- [Dataset excerpts]
- - - -

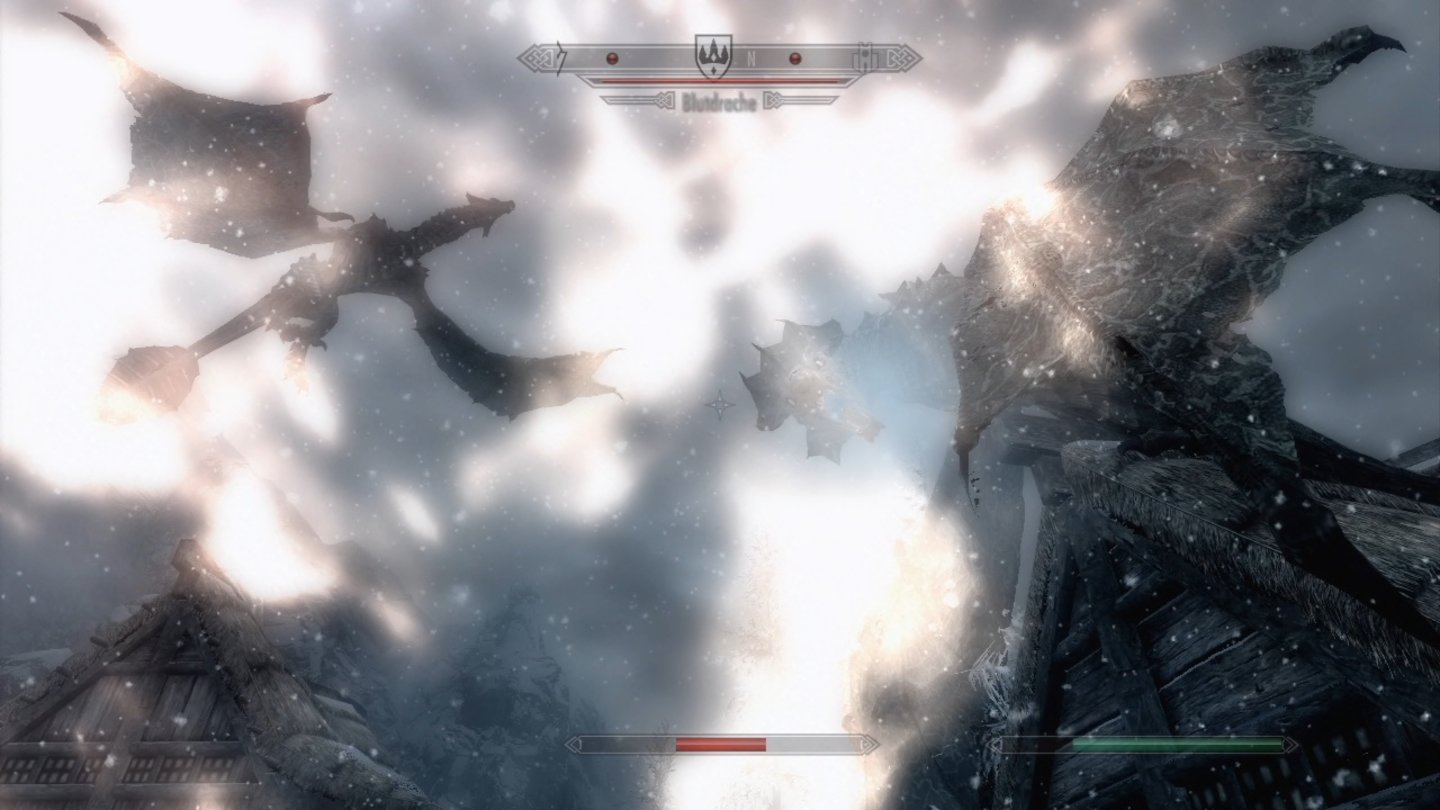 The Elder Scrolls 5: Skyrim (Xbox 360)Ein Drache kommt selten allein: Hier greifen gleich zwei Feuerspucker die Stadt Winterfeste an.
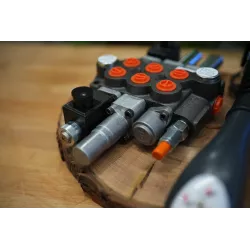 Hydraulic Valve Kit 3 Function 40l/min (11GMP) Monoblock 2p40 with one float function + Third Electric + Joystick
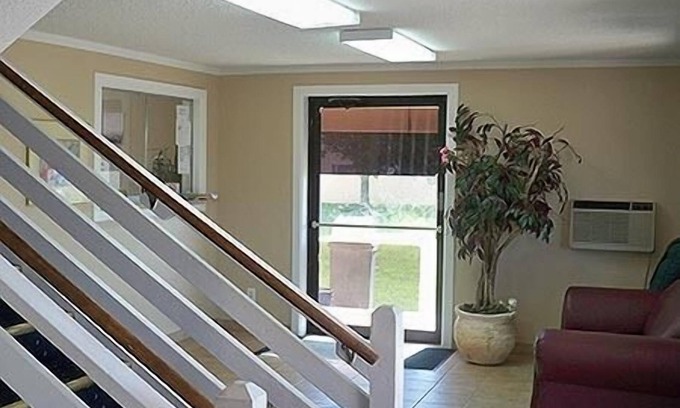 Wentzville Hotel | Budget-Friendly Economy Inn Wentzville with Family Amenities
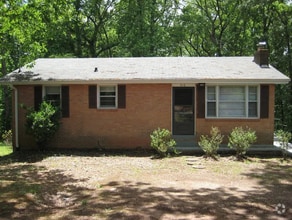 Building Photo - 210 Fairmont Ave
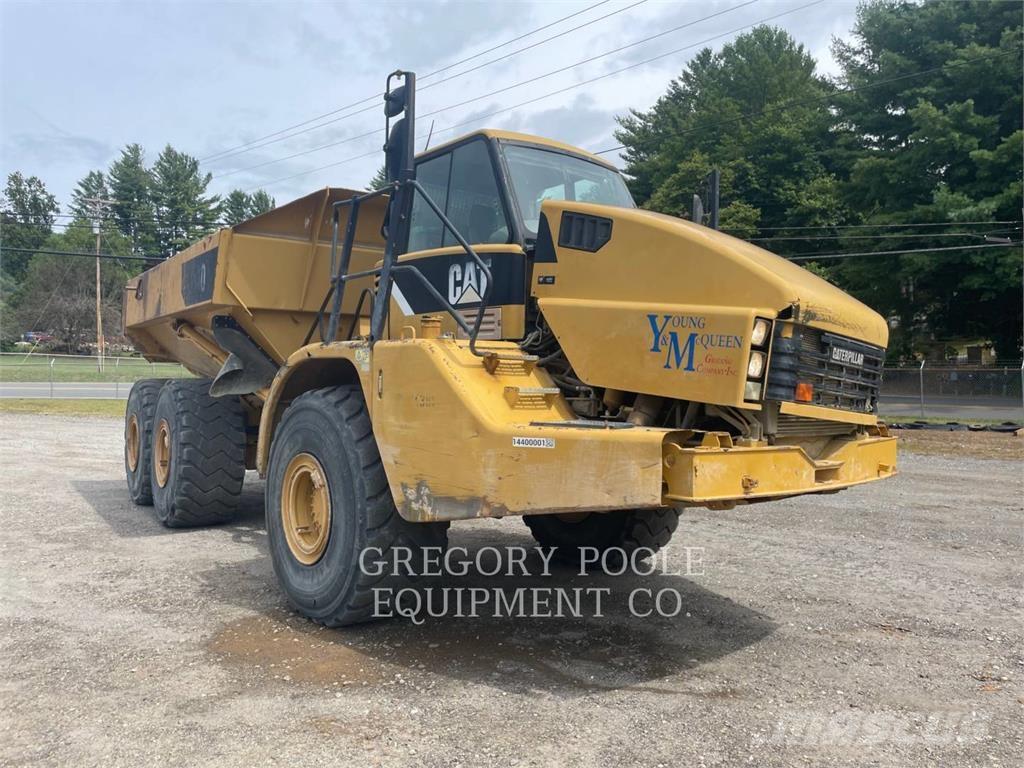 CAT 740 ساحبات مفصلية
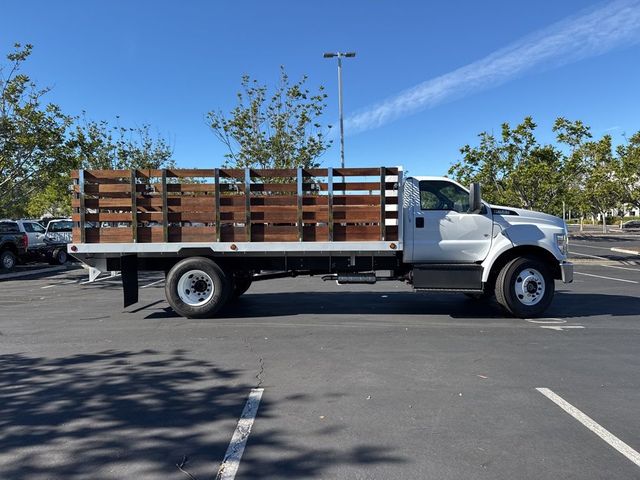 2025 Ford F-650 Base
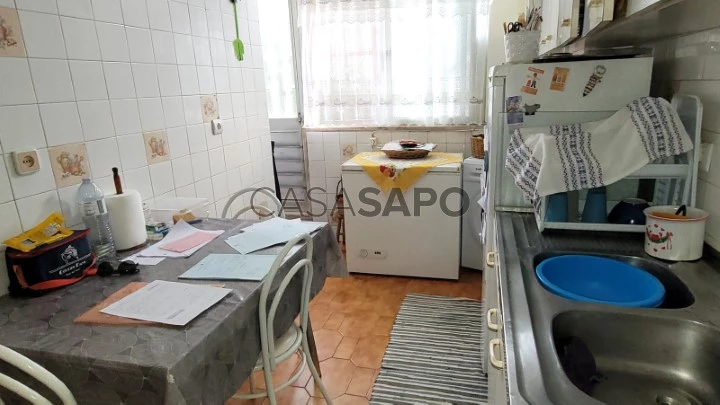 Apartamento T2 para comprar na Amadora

- - - -

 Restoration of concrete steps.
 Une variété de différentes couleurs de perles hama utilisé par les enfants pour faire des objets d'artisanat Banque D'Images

- - - -

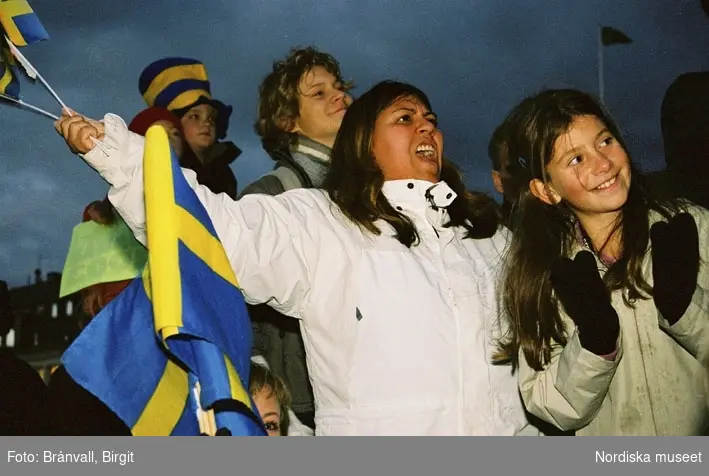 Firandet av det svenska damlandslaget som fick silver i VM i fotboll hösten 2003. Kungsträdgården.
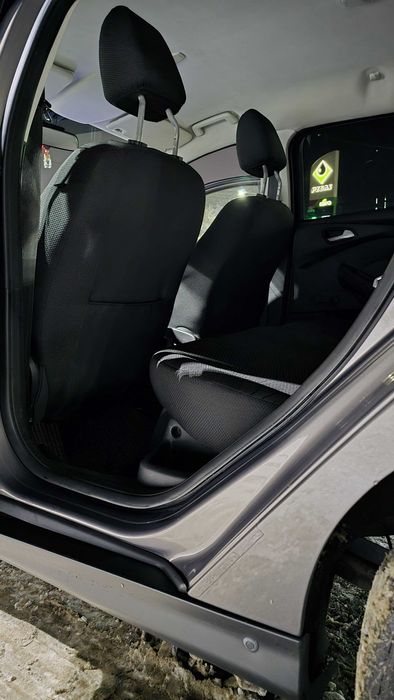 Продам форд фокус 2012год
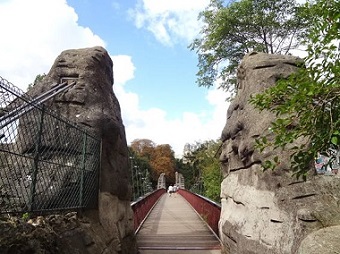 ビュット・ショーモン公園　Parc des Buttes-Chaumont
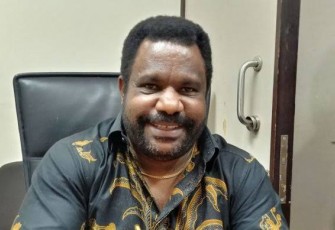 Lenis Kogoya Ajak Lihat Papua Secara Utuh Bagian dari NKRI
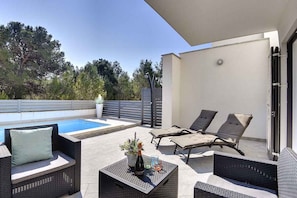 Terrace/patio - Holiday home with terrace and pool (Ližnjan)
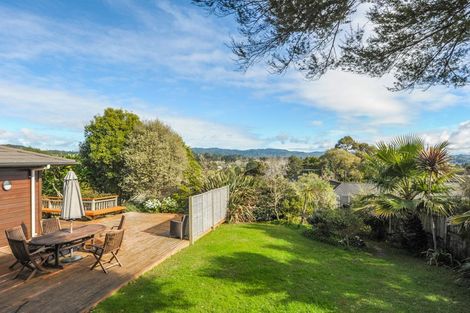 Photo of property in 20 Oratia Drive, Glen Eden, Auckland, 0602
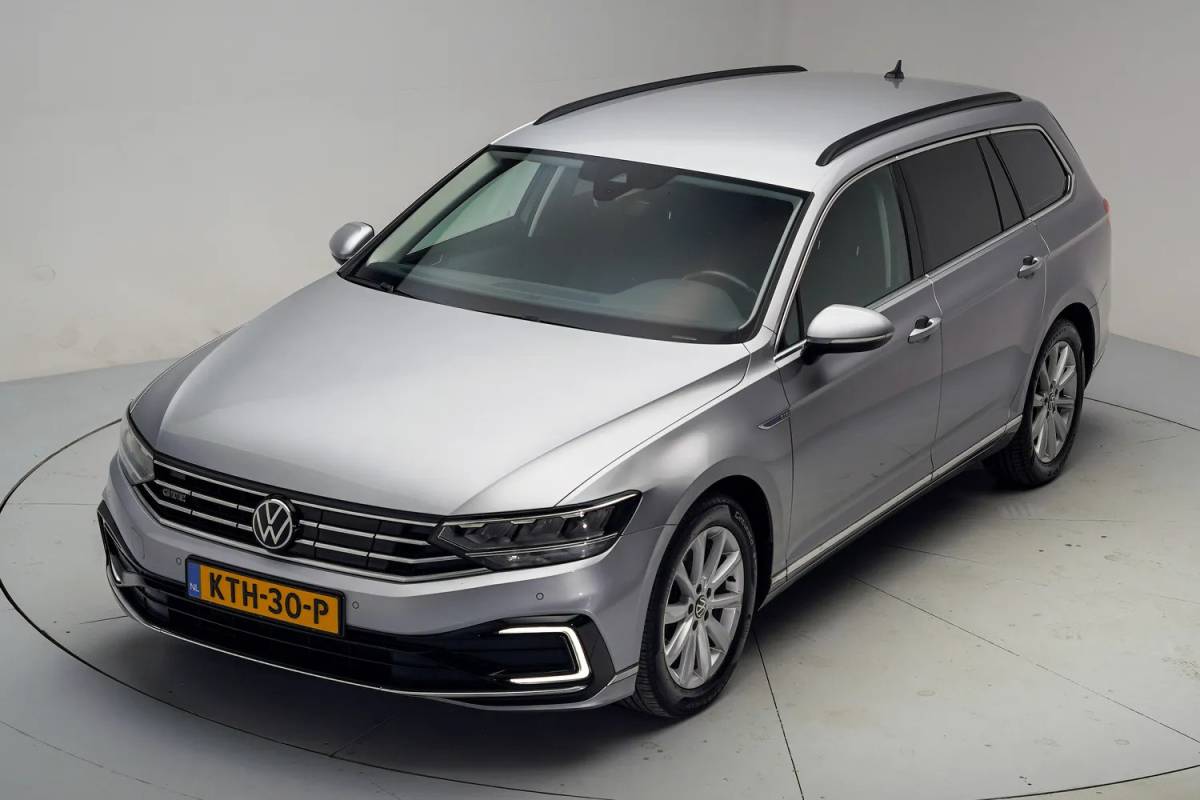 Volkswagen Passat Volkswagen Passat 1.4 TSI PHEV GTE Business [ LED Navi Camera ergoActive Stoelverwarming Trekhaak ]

- - - -

- [What is being asked] Skipping the pictures, print the lines in the listing above exactly as written, starting at the line with "2025 Ford F-650 Base" and ending at the line with "Apartamento T2 para comprar na Amadora", both included.

- [Response for this exercise]
 2025 Ford F-650 Base
 Apartamento T2 para comprar na Amadora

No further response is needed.